[Task goal]
Copy the data exactly, pictures aside.

[Exercise data]

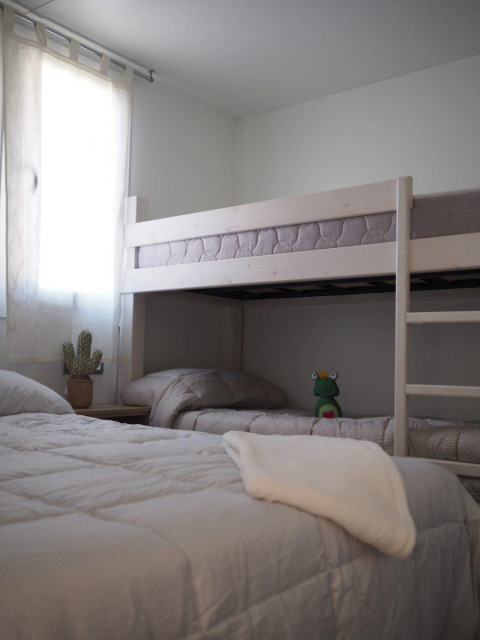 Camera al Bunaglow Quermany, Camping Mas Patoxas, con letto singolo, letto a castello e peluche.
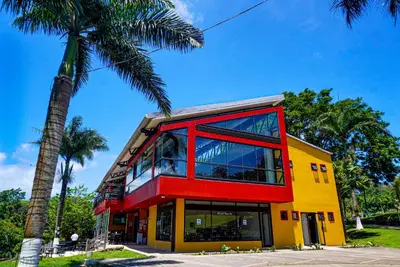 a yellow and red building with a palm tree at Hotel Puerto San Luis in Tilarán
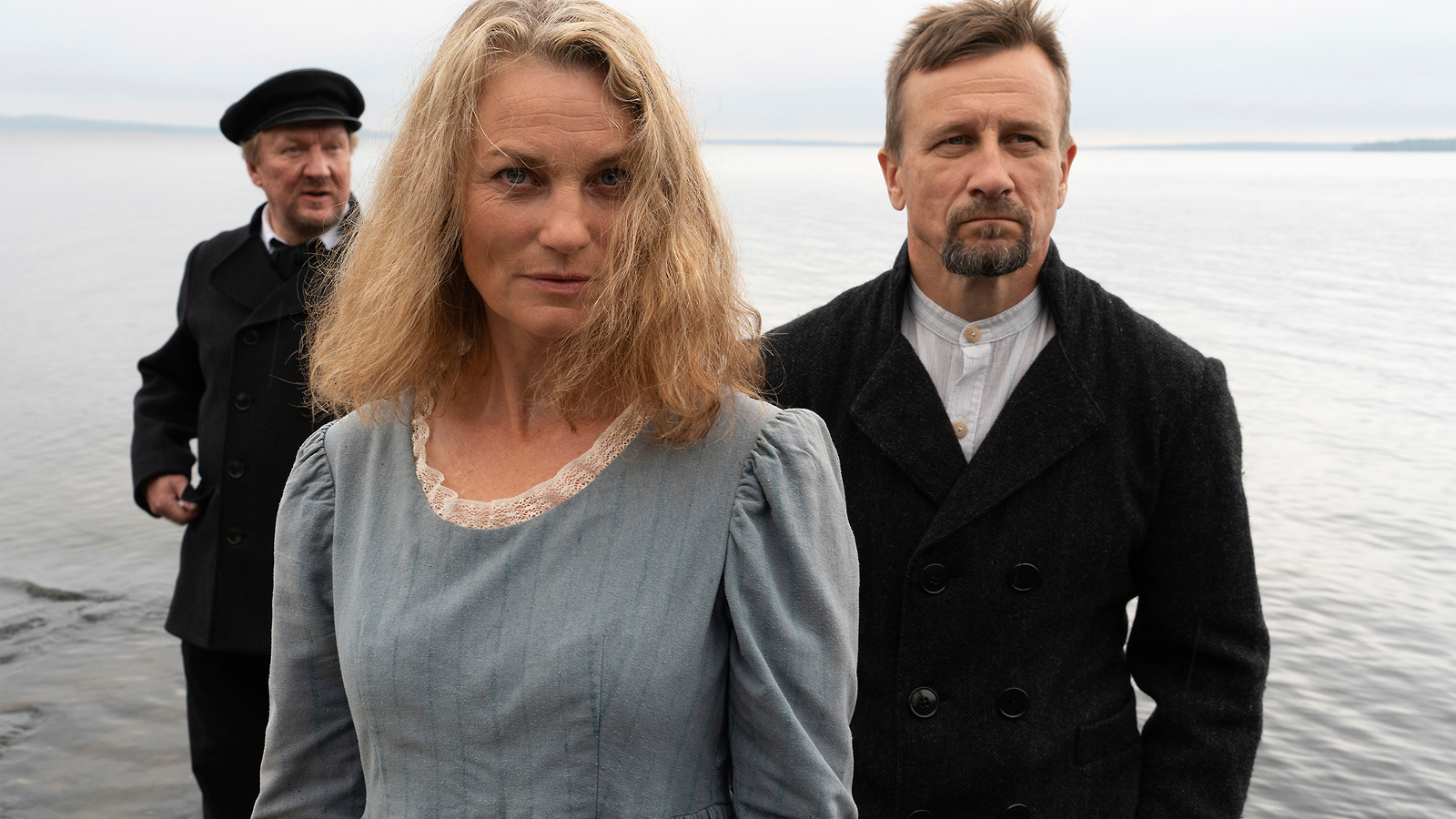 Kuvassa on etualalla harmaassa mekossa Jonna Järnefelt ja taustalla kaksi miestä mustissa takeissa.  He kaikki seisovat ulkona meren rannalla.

[Exercise output]
 Camera al Bunaglow Quermany, Camping Mas Patoxas, con letto singolo, letto a castello e peluche.
 a yellow and red building with a palm tree at Hotel Puerto San Luis in Tilarán
 Kuvassa on etualalla harmaassa mekossa Jonna Järnefelt ja taustalla kaksi miestä mustissa takeissa.  He kaikki seisovat ulkona meren rannalla.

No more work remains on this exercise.